Boeing and Okay Airways yesterday celebrated the delivery of the carrier’s first Next-Generation 737-900ER (Extended Range). The delivery marks the first 737-900ER to be delivered to a Chinese customer and is the first of eight 737-900ERs that Okay Airways has on order.
“The 737-800 has been the backbone of our fleet and has fueled our growth with its proven reliability and efficiency,” said Liu Weining, President of Okay Airways. “The addition of the 737-900ER airplanes will fit seamlessly into our existing fleet of 737-800 airplanes, allowing us to efficiently match capacity to market demand with industry leading economics.”
Okay Airways’ new 737-900ER is configured with 200 seats in a one-class layout. It will feature Boeing’s innovative Sky Interior with modern sculpted sidewalls and window reveals, larger pivoting overhead stowage bins, as well as LED lighting that enhances the sense of spaciousness.
“It is an honor to join our partner Okay Airways to introduce the first 737-900ER to China,” said Ihssane Mounir, senior vice president of Sales for Northeast Asia, Boeing Commercial Airplanes. “The 737-900ER will further strengthen Okay Airways’ fleet of existing 737s by adding more range and capability, while maintaining leadership in efficiency and reliability. I am confident that the 737-900ERs will continue to contribute to their long-term success for many years to come.”
Okay Airways, the first privately owned airline in China, is headquartered in Beijing with its main hub at Tianjin Binhai International Airport (TSN). Its jetliner fleet includes 13 Boeing 737-800s and one Boeing 737-300 Freighter, which serves more than 100 domestic and international routes.

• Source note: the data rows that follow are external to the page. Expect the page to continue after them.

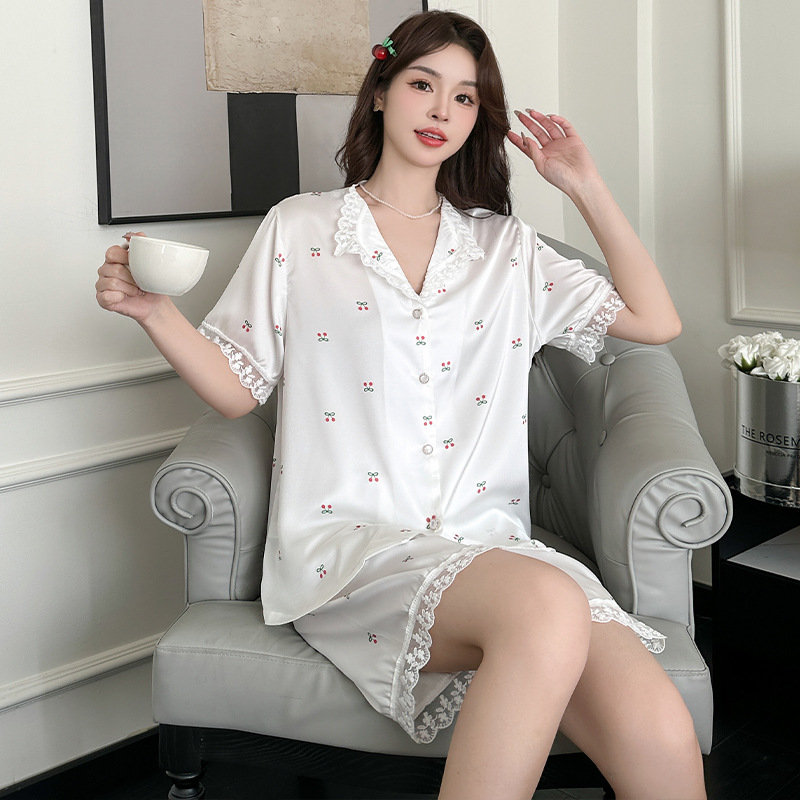 2024年新款冰丝睡衣女夏短袖夏季薄款丝绸感樱桃少女家居服春夏天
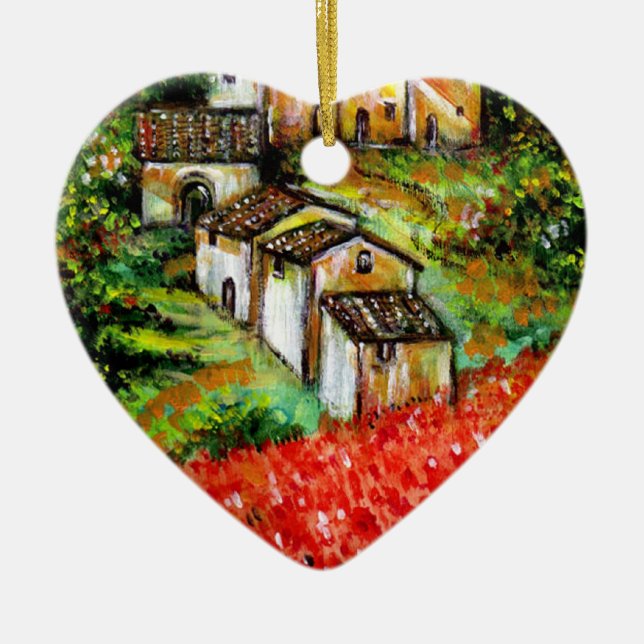 ANTIQUE RUSTIC VILLAGE IN TUSCANY CERAMIC ORNAMENT (Front)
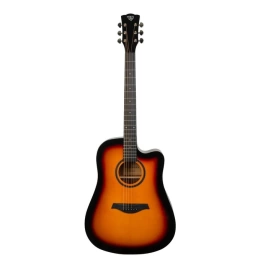 Акустическая гитара ROCKDALE AURORA D5 C SBGL с вырезом. санберст, глянцевое покрытие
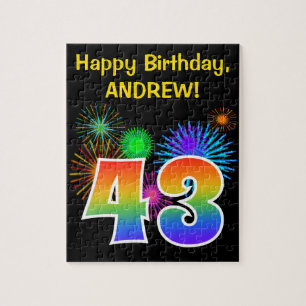 Puzzle Fun Fireworks + Rainbow Motif "43" Anniversaire #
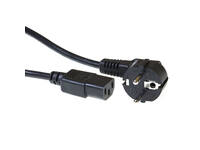 Kabel ACT STROOM C13 recht - CEE7/7 zwart 2.0 meter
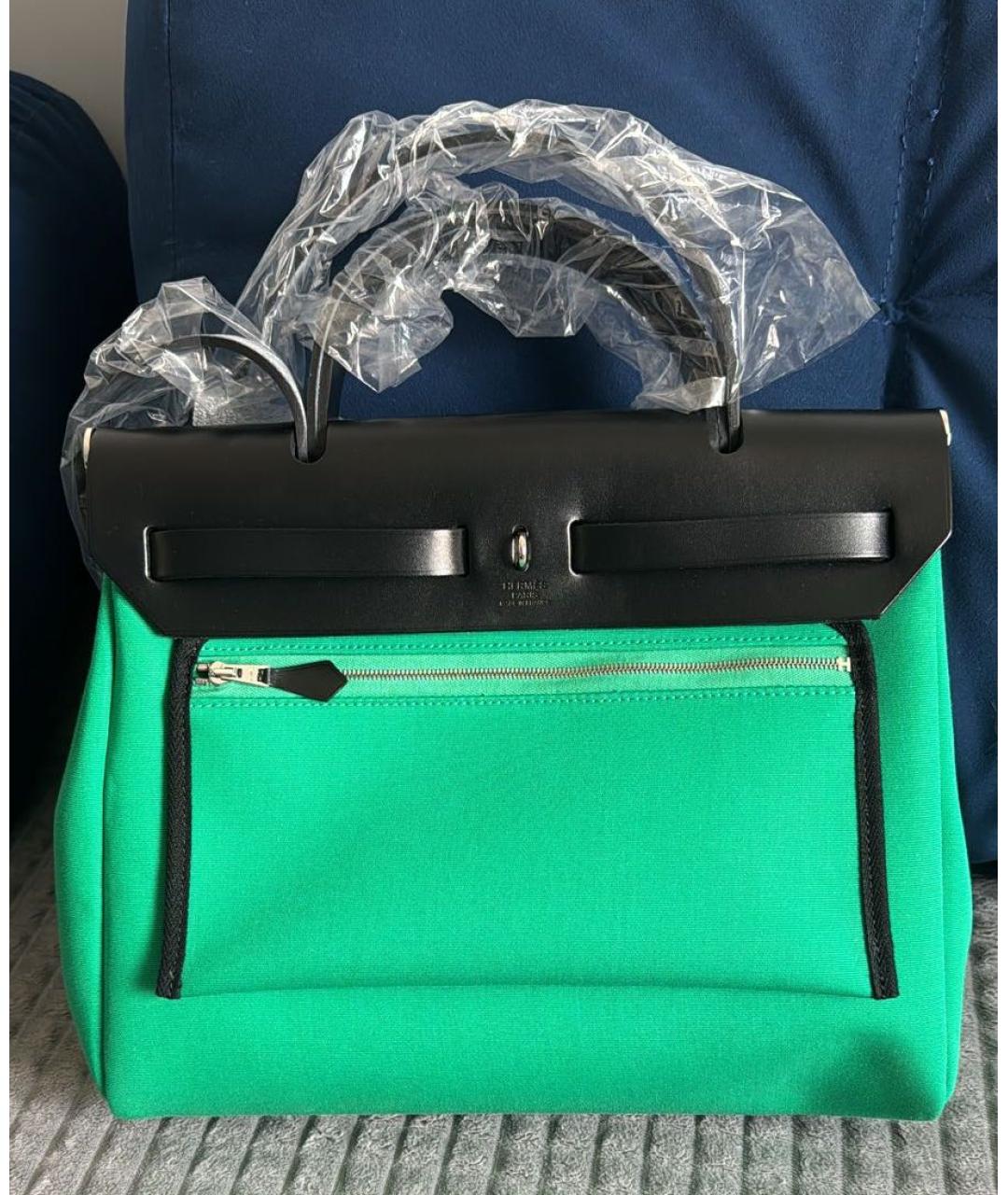 HERMES PRE-OWNED Зеленая тканевая сумка с короткими ручками, фото 5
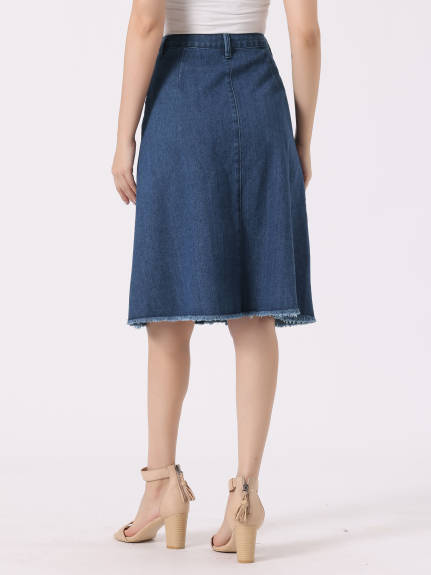 Allegra K- Raw Hem Button Down Denim Skirt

The Boeing 737-900ER is the newest member of the Next-Generation 737 airplane family. It has the highest capacity and lowest seat-mile cost of Boeing’s single-aisle family. Compared with the 737-800, the 737-900ER provides 31 more seats for more incremental revenue opportunity to complement the 737-800 that many Next-Generation customers already have in their fleet.